(Saved data entries)
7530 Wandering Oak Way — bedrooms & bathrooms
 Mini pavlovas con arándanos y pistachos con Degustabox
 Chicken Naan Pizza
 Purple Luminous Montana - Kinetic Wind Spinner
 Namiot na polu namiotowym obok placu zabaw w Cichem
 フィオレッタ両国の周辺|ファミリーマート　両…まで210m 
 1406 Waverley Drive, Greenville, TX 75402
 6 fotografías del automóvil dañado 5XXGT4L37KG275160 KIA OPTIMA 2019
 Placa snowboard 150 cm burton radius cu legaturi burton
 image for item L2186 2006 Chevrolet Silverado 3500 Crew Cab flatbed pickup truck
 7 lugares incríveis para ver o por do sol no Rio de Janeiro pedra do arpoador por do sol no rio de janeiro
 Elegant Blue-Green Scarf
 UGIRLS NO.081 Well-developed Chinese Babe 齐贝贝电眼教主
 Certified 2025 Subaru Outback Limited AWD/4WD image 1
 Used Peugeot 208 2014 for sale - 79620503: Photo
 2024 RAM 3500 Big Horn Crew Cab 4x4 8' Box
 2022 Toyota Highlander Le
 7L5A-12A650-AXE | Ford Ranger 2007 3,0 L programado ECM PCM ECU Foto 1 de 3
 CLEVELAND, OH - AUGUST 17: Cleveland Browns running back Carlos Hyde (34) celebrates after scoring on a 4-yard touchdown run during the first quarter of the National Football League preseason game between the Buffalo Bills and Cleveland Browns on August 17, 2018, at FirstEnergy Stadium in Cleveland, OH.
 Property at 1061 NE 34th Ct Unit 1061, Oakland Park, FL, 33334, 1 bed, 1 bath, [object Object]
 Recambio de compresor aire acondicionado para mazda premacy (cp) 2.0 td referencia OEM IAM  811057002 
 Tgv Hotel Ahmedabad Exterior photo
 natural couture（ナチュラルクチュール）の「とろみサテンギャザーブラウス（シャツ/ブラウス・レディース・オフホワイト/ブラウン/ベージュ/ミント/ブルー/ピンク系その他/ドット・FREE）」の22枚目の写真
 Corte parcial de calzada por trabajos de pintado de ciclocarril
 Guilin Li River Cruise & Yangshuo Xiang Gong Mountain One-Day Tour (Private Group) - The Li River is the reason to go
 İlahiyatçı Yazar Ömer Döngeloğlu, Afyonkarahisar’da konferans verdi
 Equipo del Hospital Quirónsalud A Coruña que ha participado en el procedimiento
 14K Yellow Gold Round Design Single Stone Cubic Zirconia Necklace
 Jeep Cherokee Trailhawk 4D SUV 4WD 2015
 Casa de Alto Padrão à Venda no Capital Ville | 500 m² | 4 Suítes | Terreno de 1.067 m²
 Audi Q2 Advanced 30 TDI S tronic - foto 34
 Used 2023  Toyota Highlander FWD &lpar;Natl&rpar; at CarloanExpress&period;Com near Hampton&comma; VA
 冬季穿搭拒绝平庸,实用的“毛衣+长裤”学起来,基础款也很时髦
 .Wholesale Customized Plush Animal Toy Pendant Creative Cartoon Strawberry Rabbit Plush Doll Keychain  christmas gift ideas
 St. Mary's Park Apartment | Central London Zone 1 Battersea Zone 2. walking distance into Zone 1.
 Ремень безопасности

__Goal of the exercise__. Could you return exactly the lines above from the line with "1406 Waverley Drive, Greenville, TX 75402" to the line with "Jeep Cherokee Trailhawk 4D SUV 4WD 2015", both included, and nothing else?

__Written solution__.
 1406 Waverley Drive, Greenville, TX 75402
 6 fotografías del automóvil dañado 5XXGT4L37KG275160 KIA OPTIMA 2019
 Placa snowboard 150 cm burton radius cu legaturi burton
 image for item L2186 2006 Chevrolet Silverado 3500 Crew Cab flatbed pickup truck
 7 lugares incríveis para ver o por do sol no Rio de Janeiro pedra do arpoador por do sol no rio de janeiro
 Elegant Blue-Green Scarf
 UGIRLS NO.081 Well-developed Chinese Babe 齐贝贝电眼教主
 Certified 2025 Subaru Outback Limited AWD/4WD image 1
 Used Peugeot 208 2014 for sale - 79620503: Photo
 2024 RAM 3500 Big Horn Crew Cab 4x4 8' Box
 2022 Toyota Highlander Le
 7L5A-12A650-AXE | Ford Ranger 2007 3,0 L programado ECM PCM ECU Foto 1 de 3
 CLEVELAND, OH - AUGUST 17: Cleveland Browns running back Carlos Hyde (34) celebrates after scoring on a 4-yard touchdown run during the first quarter of the National Football League preseason game between the Buffalo Bills and Cleveland Browns on August 17, 2018, at FirstEnergy Stadium in Cleveland, OH.
 Property at 1061 NE 34th Ct Unit 1061, Oakland Park, FL, 33334, 1 bed, 1 bath, [object Object]
 Recambio de compresor aire acondicionado para mazda premacy (cp) 2.0 td referencia OEM IAM  811057002 
 Tgv Hotel Ahmedabad Exterior photo
 natural couture（ナチュラルクチュール）の「とろみサテンギャザーブラウス（シャツ/ブラウス・レディース・オフホワイト/ブラウン/ベージュ/ミント/ブルー/ピンク系その他/ドット・FREE）」の22枚目の写真
 Corte parcial de calzada por trabajos de pintado de ciclocarril
 Guilin Li River Cruise & Yangshuo Xiang Gong Mountain One-Day Tour (Private Group) - The Li River is the reason to go
 İlahiyatçı Yazar Ömer Döngeloğlu, Afyonkarahisar’da konferans verdi
 Equipo del Hospital Quirónsalud A Coruña que ha participado en el procedimiento
 14K Yellow Gold Round Design Single Stone Cubic Zirconia Necklace
 Jeep Cherokee Trailhawk 4D SUV 4WD 2015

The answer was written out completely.